• [Work task]
When you repeat the material, keep each line exact and omit the pictures.

• [Dataset extract]
= Beginning of Section =

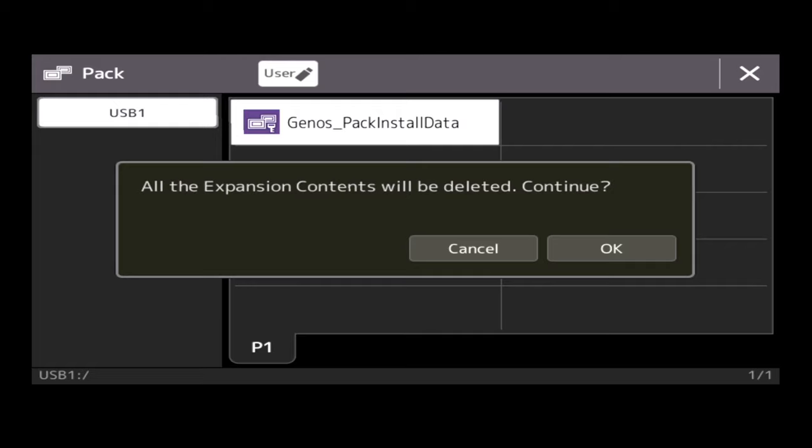The pack will reinstall from scratch. So one word of warning: if you've bought a keyboard and you've never bought the packs themselves that are in the keyboard, maybe you bought a second-hand Genos and somebody has paid for some packs and they're installed in the instrument, unless you have them on a USB stick, I would advise that you stop at this point and find out.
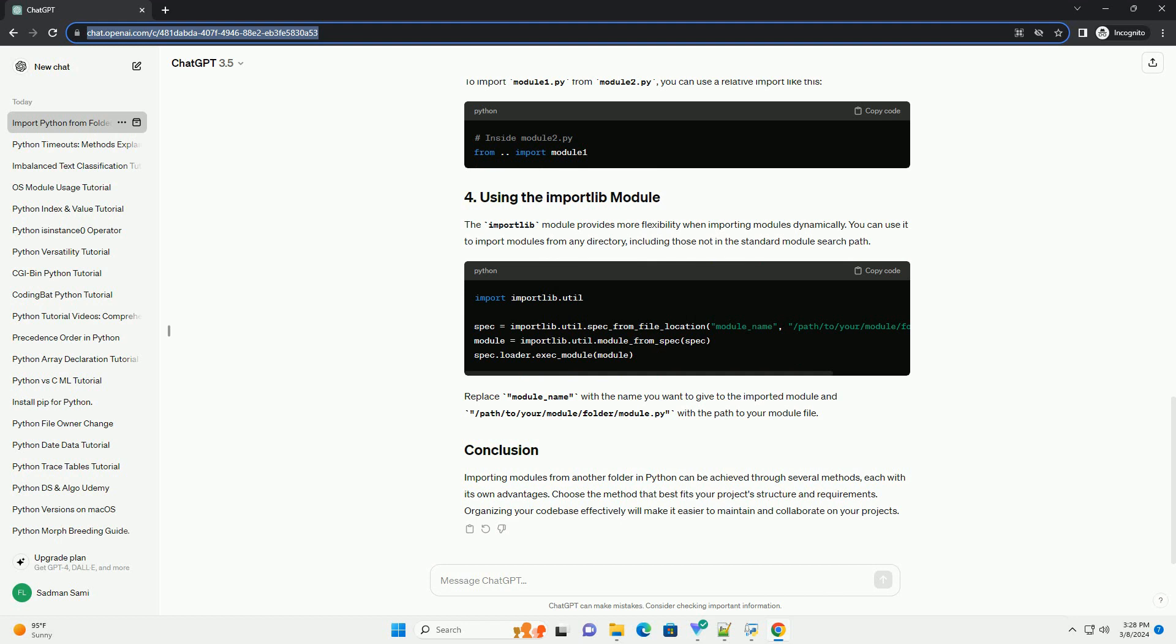Importing modules from another folder in Python can be achieved through several methods, each with its own advantages. Choose the method that best fits your project's structure and requirements. Organizing your code base effectively will make it easier to maintain and collaborate on your projects.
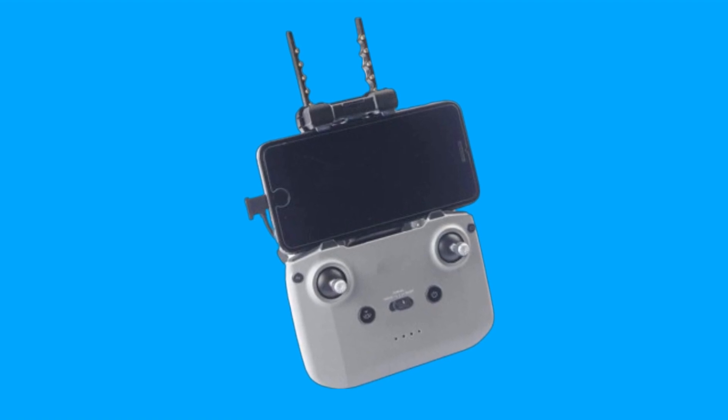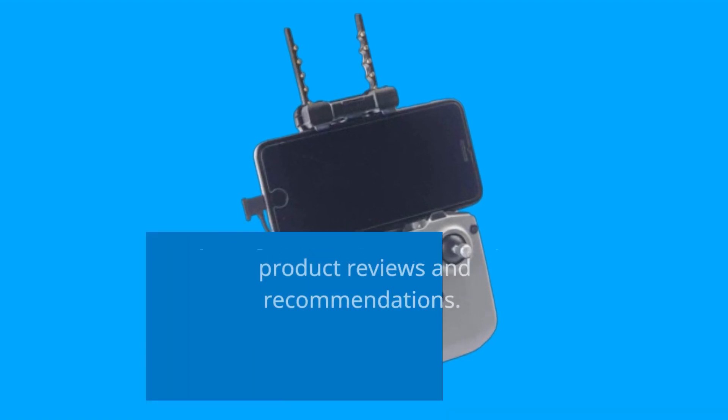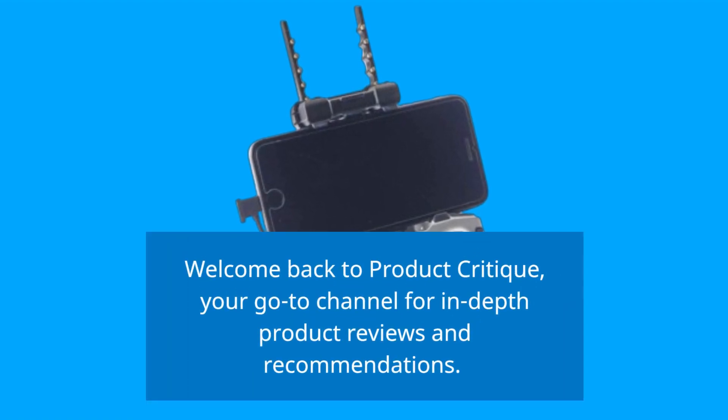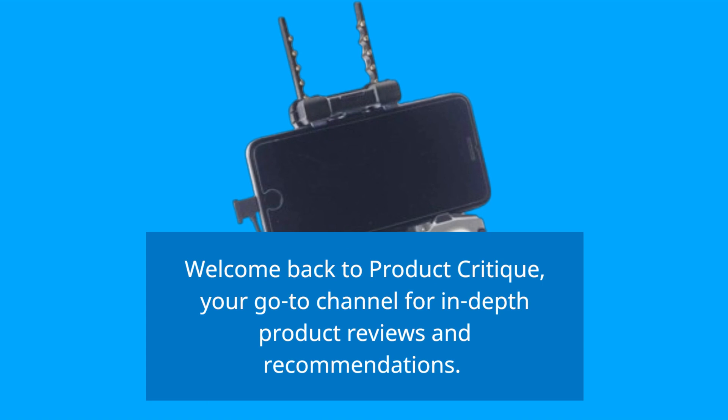Welcome back to Product Critique, your go-to channel for in-depth product reviews and recommendations.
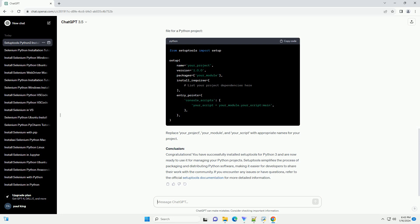Conclusion: Congratulations! You have successfully installed setup tools for Python 3 and are now ready to use it for managing your Python projects. Setup tools simplifies the process of packaging and distributing Python software, making it easier for developers to share their work with the community. If you encounter any issues or have questions, refer to the official setup tools documentation for more detailed information.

= End of Section =

• [Expected output]
The pack will reinstall from scratch. So one word of warning: if you've bought a keyboard and you've never bought the packs themselves that are in the keyboard, maybe you bought a second-hand Genos and somebody has paid for some packs and they're installed in the instrument, unless you have them on a USB stick, I would advise that you stop at this point and find out.
Importing modules from another folder in Python can be achieved through several methods, each with its own advantages. Choose the method that best fits your project's structure and requirements. Organizing your code base effectively will make it easier to maintain and collaborate on your projects.
Welcome back to Product Critique, your go-to channel for in-depth product reviews and recommendations.
Conclusion: Congratulations! You have successfully installed setup tools for Python 3 and are now ready to use it for managing your Python projects. Setup tools simplifies the process of packaging and distributing Python software, making it easier for developers to share their work with the community. If you encounter any issues or have questions, refer to the official setup tools documentation for more detailed information.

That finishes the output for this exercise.